Tête pensante de ces derniers succès à travers un parcours sans faute, Jackie mène sa vie en véritable rock star, et se complait dans le luxe et la superficialité. Voire un certain narcissisme et égocentrisme qui se trouveront coupés net avec son premier échec : Dragon Lord. Revenu très déçu de son essai américain, tant par leurs méthodes à l’opposé de celles asiatiques que par le film en question (Le Chinois est un véritable échec tant au niveau artistique que commercial), il avait besoin d’évacuer sa frustration en se lançant dans un nouveau projet. Bien qu’il soit techniquement mieux maitrisé, il en reste moins riche scénaristiquement parlant. Sensé être une romance, Dragon Lord se perd dans des scènes de sport sans lien apparent avec le sujet, bien qu’elles soient très impressionnantes, et des scènes d’action relativement maigres malgré un combat final intéressant. Renforcé par un tournage chaotique avec un budget revu constamment à la hausse, symbole de la mégalomanie de Jackie Chan, le public ne s’y est pas trompé : le film fonctionne mais nettement moins que ses aînés. Il n’est pas pour autant honteux, et permettra à Jackie de mieux rebondir avec ce que ses fans les plus ardus considèrent comme étant ses meilleurs films.
 

 

L’âge d’or des années 80

C’est probablement durant cette période que Jackie Chan réalisa ses principaux chefs d’œuvre. Ceux bénis par toute une communauté de cinéphiles férus d’arts martiaux. Les plus diversifiés en matière de genre cinématographique (le film policier, d’époque en costumes ou encore d’aventures) et les plus complets et maîtrisés artistiquement parlant. Ceux qui seront les plus caractéristiques de la marque de fabrique Jackie Chan : de savoureux cocktails mélangeant action et humour, avec des combats chorégraphiés avec inventivité et des cascades en mettant plein la vue aux spectateurs. Le tout sans effets visuels s’il vous plaît (hormis certains câbles et autres artifices). Comme le principal intéressé le proclame lui-même : « l’effet spécial, c’est moi ! »

 

Commençons tout d’abord avec son premier chef d’œuvre, sorti en 1983 : Le Marin des Mers de Chine. Film d’époque mêlant intrigue historique où les forces britanniques sont en prise avec des pirates dans la baie de Hong-Kong et combats en tout genre, le film est très réussi dans la construction de son récit autour du trio de comédiens.

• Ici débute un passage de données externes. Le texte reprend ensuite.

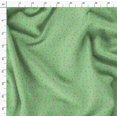 thumbnail image 4 of Soimoi Green Poly Georgette Fabric Leaf Floral Print Fabric by the Yard 42 Inch Wide, 4 of 6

En effet, la part belle n’est pas seulement réservée à Jackie mais aussi à ses deux amis d’enfance connus lors de la formation à la China Drama Academy, Sammo Hung et Yuen Biao. Plus communément appelé « les trois frères », ce trio de choc dont la complicité transpire à l’écran (également présent dans deux autres films d’action musclés des années 80, Soif de Justice et Dragons Forever) rend également honneur au combat final, synthèse parfaite et harmonieuse des forces en présence. Le film est également un coup de maître dans sa dimension splastick, dont Buster Keaton, Harold Lloyd et Charlie Chaplin furent les principaux porte-étendards. En témoignent cette mémorable course-poursuite à vélo pleine d’humour, ou encore la cascade du clocher, renvoyant directement à Monte là-dessus avec Harold Lloyd, et pour laquelle deux prises furent nécessaires !
 

 

Continuons avec ce que beaucoup considèrent comme étant son meilleur film : Police Story ou sa première incursion dans le genre policier, relatant le quotidien d’une brigade de la police de Hong Kong aux prises avec un baron de la drogue. Le film bénéficie d’une intrigue et d’une réalisation solides, alternant quiproquos hilarants et scènes d’action parmi les plus belles de sa carrière. La plus mémorable reste ce final dans un centre commercial d’une rare intensité, tant par sa violence (les protagonistes en prennent littéralement plein la tronche, même les femmes !) que par ses chorégraphies où la notion de seul contre tous prend tout son sens. C’est d’ailleurs avec ce film que cette caractéristique fait partie intégrante du style Jackie Chan, tout comme le fait d’utiliser n’importe quel objet du quotidien pour se défendre. Il suffit de voir l’aisance avec laquelle il utilise une penderie à roulettes pour désarçonner ses adversaires.
 

 

L’année suivante a failli être la dernière pour notre ami Jackie. Pour sa première incursion au sein du cinéma d’aventures dans un Indiana Jones like, Mister Dynamite, la cascade d’ouverture, d’apparence simple (sauter d’un mur pour se rattraper à une branche située à 5 m de hauteur) a bien failli lui coûter la vie. La branche s’est tout simplement cassée et la chute se termine la tête la première dans un énorme rocher. Résultat : fracture du crâne, nerf auditif endommagé, et une belle frayeur. Le film de qualité plus que moyenne est surtout célèbre pour ce fait d’arme, bien retranscrit dans son bêtisier de fin de film (autre Jackie Chan’s touch). Il vaut mieux privilégier sa suite, Opération Condor, sortie en 1990, bien plus drôle et bien plus ambitieuse dans sa direction artistique, tant par les costumes que les lieux de tournage. À noter qu’il s’agit du seul exemple de suite supérieur à l’original durant cette période, malgré les qualités indéniables du Marin des Mers de Chine 2 et Police Story 2 qui ont bénéficié eux aussi de plus de moyens.
 

 

Les années 90 et l’internationalisation

Les années 90 furent celles de l’internationalisation, celles où Jackie Chan se déchaîna pour attirer l’œil de l’Amérique. Comme dit précédemment, ce dernier avait été très déçu de son expérience américaine avec Le Chinois en 1980. Mauvaise expérience réitérée par la suite en 1985 avec Le Retour du Chinois, polar hard-boiled situé quelque part entre Un Justicier Dans La Ville et un buddy movie typique de ces années-là… mais très loin de l’identité de l’intéressé. C’est par cet échec et nouvelle frustration qu’est né Police Story. D’ailleurs, pour information, le film fut remonté par Jackie himself dans une version nettement plus en phase avec son travail (et plus réussie par la même occasion).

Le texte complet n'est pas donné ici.